Kronecker product-based solvers for higher-order finite element method Navier-Stokes simulations

Transient time-dependent problems solved with higher-order finite element methods and time integration schemes sometimes encounter instabilities in time steps due to varying model parameters. This problem is commonly illustrated on a transient cavity flow modeled with Navier-Stokes equations, where for large Reynolds numbers, finite element discretizations Bu = f become unstable. The instability comes from the discrete inf-sup condition not fulfilled by the Galerkin method. To stabilize time steps, we employ a Petrov-Galerkin method BTWx = WT f with optimal test functions. However, this method commonly has two disadvantages. First, having a larger test space fixed, we must compute the matrix of coefficients of the optimal test functions W on the fly, which requires solving a system of linear equations GW = B with proper Gram matrix G each time step for varying model parameters.
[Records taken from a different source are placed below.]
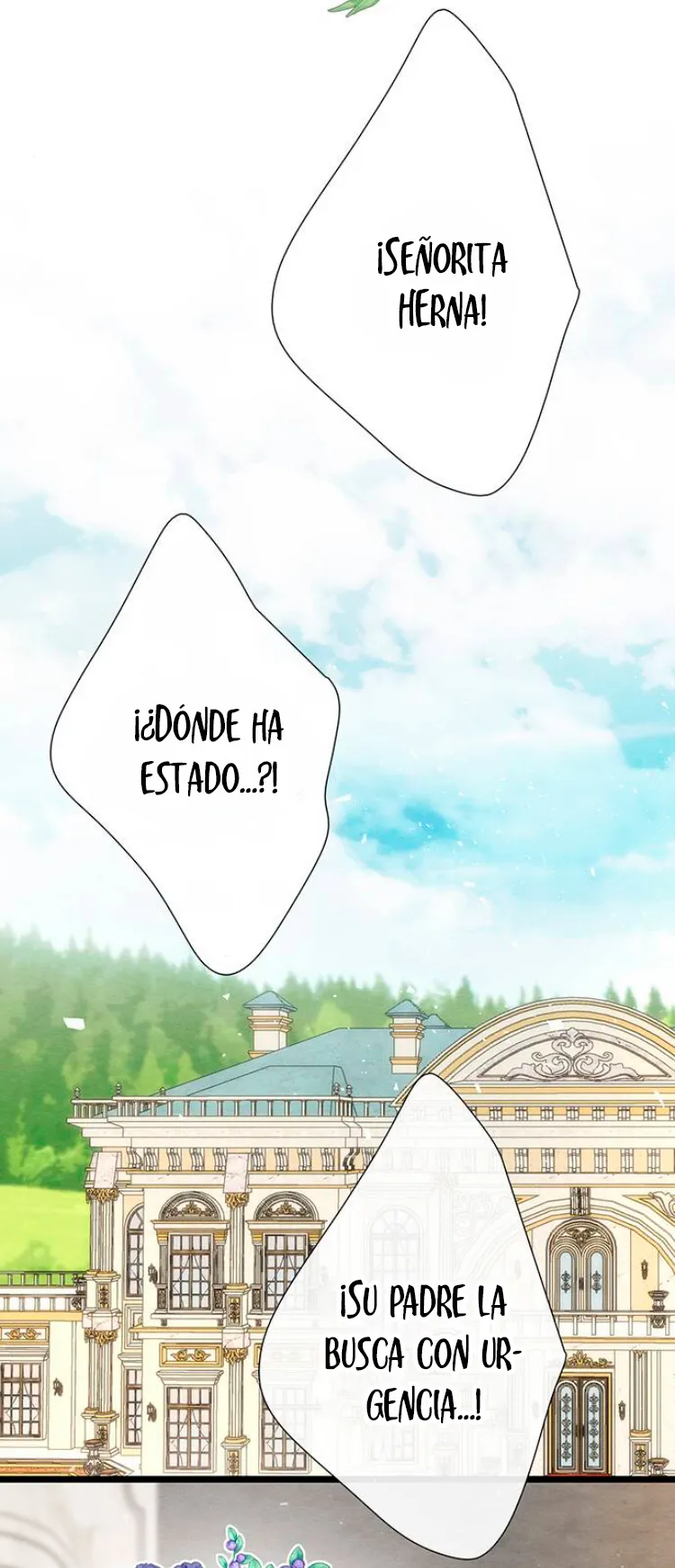 Príncipe problemático capítulo 19, página 35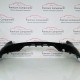 Porsche Macan Gts Rear Bumper Genuine Bronze 95b807421l | 2014-2018 [Bf174]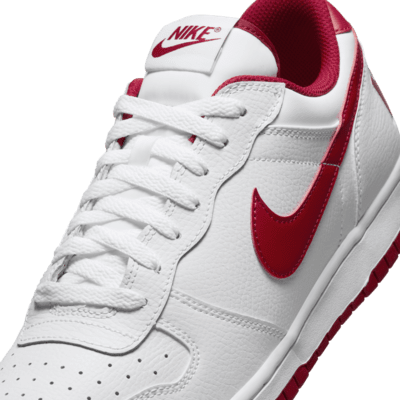 Nike Big Low Men's Shoes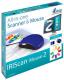 Skaner I.R.I.S Mouse 2 (458124) Darmowy odbiór w 26 miastach!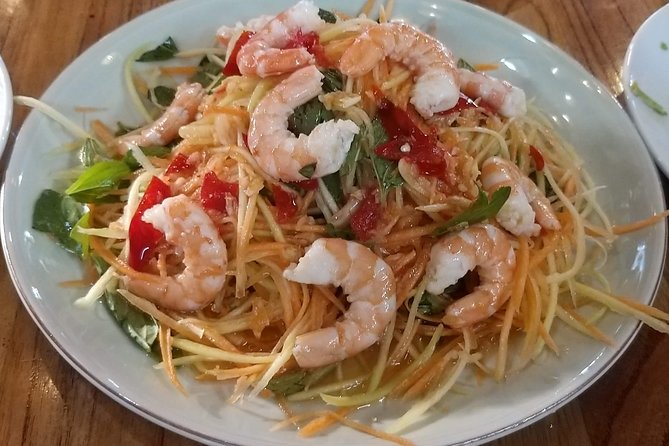 Hue Specialty Food Cooking Class - Exploring Hue’s Food Scene: What to Expect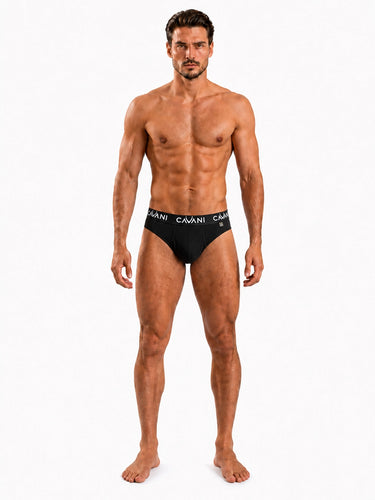 Brief - Black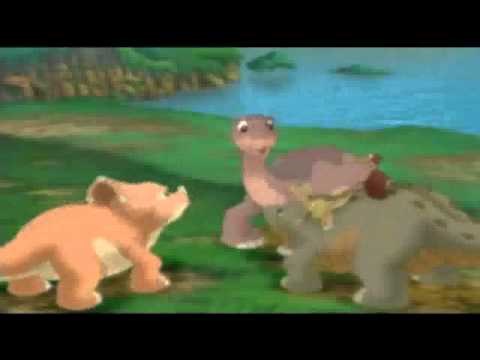 The Land Before Time 9 Trailer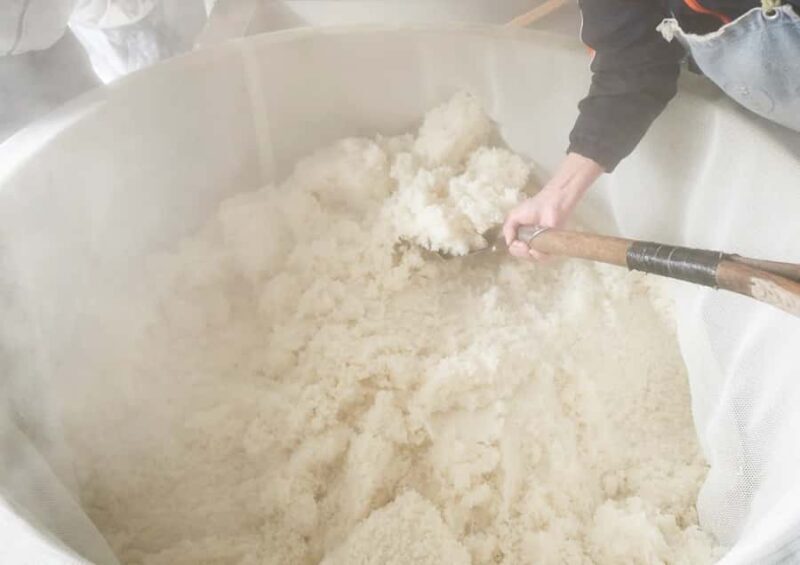 Kitakyushu: Mizokami Brewery Tour and Sake Tasting - Good To Know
Second, the matrix of coefficients of optimal test functions is dense, and thus, the cost of multiplying it by other matrices BTW (which is needed) is high. To overcome these problems, we explore the Kronecker product structure of the matrix of coefficients of the optimal test functions G as well as of the matrices B resulting from the variational splitting of the time-integration scheme. Our solver can be successfully applied to the high Reynolds number Navier-Stokes equations.